As empresas públicas estaduais estão trabalhando contra a aprovação do novo marco do saneamento, que será votado amanhã. Não é surpresa. Elas estão entre as grandes interessadas na manutenção do quadro atual de ineficiência, desperdício e baixa qualidade de serviço.
Uma maneira de observar a baixa produtividade das estatais de saneamento é comparar seus números com os indicadores das suas similares administradas pelo setor privado. Entre 2007 e 2018, o salário médio das estatais aumentou 150%. Nesse mesmo período, o rendimento médio dos funcionários do setor privado, aumentou bem menos, 100%. O rendimento médio de alguém empregado numa estatal é 2,4 vezes o de seu colega que bate o ponto no setor privado.
Note-se o fato óbvio de que, apesar da disparidade nos contracheques, os executivos e empregados recebem seu dinheiro para executar funções análogas. O Ministério da Economia fez as contas e concluiu que poderiam ser poupados R$ 78 bilhões de reais nesse período se as estatais pagassem para os seus colaboradores valores semelhantes aos desembolsados no setor privado.

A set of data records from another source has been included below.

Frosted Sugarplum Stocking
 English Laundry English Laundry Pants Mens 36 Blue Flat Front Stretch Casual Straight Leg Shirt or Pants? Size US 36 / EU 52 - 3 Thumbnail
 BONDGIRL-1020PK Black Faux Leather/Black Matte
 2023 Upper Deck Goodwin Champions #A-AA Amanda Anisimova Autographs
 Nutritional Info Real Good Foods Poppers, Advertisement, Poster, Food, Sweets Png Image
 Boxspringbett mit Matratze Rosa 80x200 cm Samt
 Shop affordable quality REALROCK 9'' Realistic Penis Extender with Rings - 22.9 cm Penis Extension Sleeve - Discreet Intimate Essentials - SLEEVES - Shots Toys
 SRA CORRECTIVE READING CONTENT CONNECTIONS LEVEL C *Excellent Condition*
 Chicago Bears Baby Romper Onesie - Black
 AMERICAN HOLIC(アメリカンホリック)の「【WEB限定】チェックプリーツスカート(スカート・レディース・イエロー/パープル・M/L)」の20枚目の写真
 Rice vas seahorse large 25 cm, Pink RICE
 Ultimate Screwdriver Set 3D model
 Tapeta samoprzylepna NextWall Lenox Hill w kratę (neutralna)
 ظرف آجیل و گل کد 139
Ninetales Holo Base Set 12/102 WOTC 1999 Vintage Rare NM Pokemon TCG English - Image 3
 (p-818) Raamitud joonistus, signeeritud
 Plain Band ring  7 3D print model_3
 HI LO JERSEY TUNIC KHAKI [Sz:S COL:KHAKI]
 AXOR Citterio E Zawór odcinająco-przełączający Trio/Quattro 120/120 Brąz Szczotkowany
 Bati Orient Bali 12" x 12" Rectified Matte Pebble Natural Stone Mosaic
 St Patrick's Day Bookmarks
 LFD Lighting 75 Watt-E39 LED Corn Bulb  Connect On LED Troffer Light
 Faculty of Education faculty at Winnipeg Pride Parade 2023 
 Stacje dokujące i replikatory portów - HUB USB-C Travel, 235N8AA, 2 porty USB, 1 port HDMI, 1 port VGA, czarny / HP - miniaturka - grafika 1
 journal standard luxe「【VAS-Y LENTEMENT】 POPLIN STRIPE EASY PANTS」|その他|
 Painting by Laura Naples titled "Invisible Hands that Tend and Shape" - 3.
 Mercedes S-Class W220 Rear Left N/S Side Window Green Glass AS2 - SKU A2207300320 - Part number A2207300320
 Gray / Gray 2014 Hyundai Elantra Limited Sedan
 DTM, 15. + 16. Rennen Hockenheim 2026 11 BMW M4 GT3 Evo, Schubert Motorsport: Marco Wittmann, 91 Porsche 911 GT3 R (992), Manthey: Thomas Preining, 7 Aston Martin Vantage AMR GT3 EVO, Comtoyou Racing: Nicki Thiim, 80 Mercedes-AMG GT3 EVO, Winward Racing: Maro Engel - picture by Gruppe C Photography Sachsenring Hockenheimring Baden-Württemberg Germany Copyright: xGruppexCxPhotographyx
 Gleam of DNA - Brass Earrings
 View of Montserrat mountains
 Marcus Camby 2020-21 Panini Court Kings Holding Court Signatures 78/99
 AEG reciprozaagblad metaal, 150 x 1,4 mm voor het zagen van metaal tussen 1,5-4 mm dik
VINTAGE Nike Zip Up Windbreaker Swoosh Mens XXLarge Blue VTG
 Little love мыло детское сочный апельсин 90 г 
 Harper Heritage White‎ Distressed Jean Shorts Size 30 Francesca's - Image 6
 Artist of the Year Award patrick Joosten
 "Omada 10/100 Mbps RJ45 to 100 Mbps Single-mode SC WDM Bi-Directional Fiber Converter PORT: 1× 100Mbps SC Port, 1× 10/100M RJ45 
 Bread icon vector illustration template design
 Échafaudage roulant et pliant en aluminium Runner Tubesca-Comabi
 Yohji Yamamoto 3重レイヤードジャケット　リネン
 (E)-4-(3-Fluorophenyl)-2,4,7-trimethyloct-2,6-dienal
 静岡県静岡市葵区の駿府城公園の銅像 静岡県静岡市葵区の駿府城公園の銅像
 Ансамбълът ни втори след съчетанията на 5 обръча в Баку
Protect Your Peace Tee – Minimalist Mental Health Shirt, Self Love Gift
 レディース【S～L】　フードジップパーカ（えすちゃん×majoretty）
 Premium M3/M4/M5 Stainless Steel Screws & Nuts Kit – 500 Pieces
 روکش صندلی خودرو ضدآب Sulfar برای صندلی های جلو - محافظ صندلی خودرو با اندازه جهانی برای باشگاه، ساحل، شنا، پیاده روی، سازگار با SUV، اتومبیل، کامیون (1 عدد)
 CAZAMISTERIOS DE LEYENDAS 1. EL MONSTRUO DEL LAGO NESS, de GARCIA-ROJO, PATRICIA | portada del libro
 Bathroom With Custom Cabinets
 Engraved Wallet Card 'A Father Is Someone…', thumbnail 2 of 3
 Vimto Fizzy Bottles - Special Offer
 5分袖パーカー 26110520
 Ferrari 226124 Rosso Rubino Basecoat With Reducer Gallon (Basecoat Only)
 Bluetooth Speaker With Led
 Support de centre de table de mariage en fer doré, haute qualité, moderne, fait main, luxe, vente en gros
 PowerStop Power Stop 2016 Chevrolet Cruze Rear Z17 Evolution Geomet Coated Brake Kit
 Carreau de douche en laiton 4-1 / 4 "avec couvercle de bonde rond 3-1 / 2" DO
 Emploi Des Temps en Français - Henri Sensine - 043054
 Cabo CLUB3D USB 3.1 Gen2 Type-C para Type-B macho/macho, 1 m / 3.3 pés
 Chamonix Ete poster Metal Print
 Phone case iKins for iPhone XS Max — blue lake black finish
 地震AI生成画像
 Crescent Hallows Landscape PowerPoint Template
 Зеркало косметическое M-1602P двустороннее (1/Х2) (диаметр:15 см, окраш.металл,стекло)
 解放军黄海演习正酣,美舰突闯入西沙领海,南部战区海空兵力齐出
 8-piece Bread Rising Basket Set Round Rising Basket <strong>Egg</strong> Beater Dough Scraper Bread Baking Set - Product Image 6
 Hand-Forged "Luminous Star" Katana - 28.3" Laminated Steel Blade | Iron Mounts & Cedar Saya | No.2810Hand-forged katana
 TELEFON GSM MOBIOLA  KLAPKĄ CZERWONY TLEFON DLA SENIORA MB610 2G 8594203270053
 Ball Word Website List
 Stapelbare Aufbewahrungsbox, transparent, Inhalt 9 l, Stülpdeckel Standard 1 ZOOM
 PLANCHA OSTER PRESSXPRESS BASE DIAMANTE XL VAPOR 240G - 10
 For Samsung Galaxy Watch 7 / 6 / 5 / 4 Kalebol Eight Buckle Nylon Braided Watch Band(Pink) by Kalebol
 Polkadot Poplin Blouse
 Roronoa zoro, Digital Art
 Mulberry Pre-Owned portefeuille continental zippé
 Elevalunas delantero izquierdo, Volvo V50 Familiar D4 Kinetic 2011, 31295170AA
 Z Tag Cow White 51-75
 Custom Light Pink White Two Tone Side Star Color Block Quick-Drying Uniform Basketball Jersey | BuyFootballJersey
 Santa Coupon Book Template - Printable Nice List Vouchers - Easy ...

Tome-se o caso da Caema, no Maranhão. Entre 2013 e 2017, a despesa com a folha de salários aumentou 250%, enquanto o total aplicado nos investimentos ficou estagnado. Os seus gastos com os empregados equivalem ao triplo daquilo aplicado em obras de saneamento.
Longe de ser um caso isolado, o exemplo maranhense tem se repetido em muitos outros estados. Estudos indicam que os reajustes nas tarifas foram usados para ampliar a despesa com empregados, e não com os investimentos necessários.
O novo marco do saneamento básico traz a oportunidade de atrair investidores para o setor e acirrar a concorrência, expondo à luz do sol a ineficiência dessas das estatais, responsáveis pelo abastecimento de nove a cada dez residências no país.
Existe dinheiro, faltam competência e empenho
A ineficiência pública é tamanha que, ao contrário do que se possa imaginar, há recursos disponíveis para acelerar os investimentos em saneamento. São bilhões de reais parados na Caixa Econômica Federal e no BNDES que poderiam estar financiando projetos essenciais de água e esgoto, mas não são utilizados por causa da incompetência técnica e falta de empenho dos governantes e de suas estatais. As dificuldades começam logo no início, de acordo com os especialistas. Os projetos apresentados são malfeitos e não atendem aos requisitos técnicos. Resultado: obras emergenciais acabam nunca saindo do papel, mesmo havendo o financiamento necessário.
Mesmo quando o dinheiro é liberado, entretanto, os projetos nem sempre vão adiante. Praticamente metade dos projetos financiados com recursos federais estão paralisados. E qual a razão? Em boa parte dos casos, são selecionados prestadores de serviços incapazes de executar o projeto e abandonam o canteiro de obras. O objetivo, afinal de contas, nunca havia sido concluir a construção no prazo estipulado.
A universalização do saneamento básico só será possível com a superação de três obstáculos. O primeiro é regulatório –que, espera-se, será eliminado com a nova legislação a ser aprovada pelo Congresso. O segundo é de ordem técnica, que, com a abertura do mercado e o incentivo à competição, também poderá ser reduzido em breve. O obstáculo mais difícil de ser superado é o corporativo e ideológico, representado pela turma contrária à transparência e à concorrência do setor privado. É essa a barreira que tem condenado 100 milhões de brasileiros a sofrer diariamente as consequências financeiras e sanitárias de viver sem o direito básico da coleta de esgoto.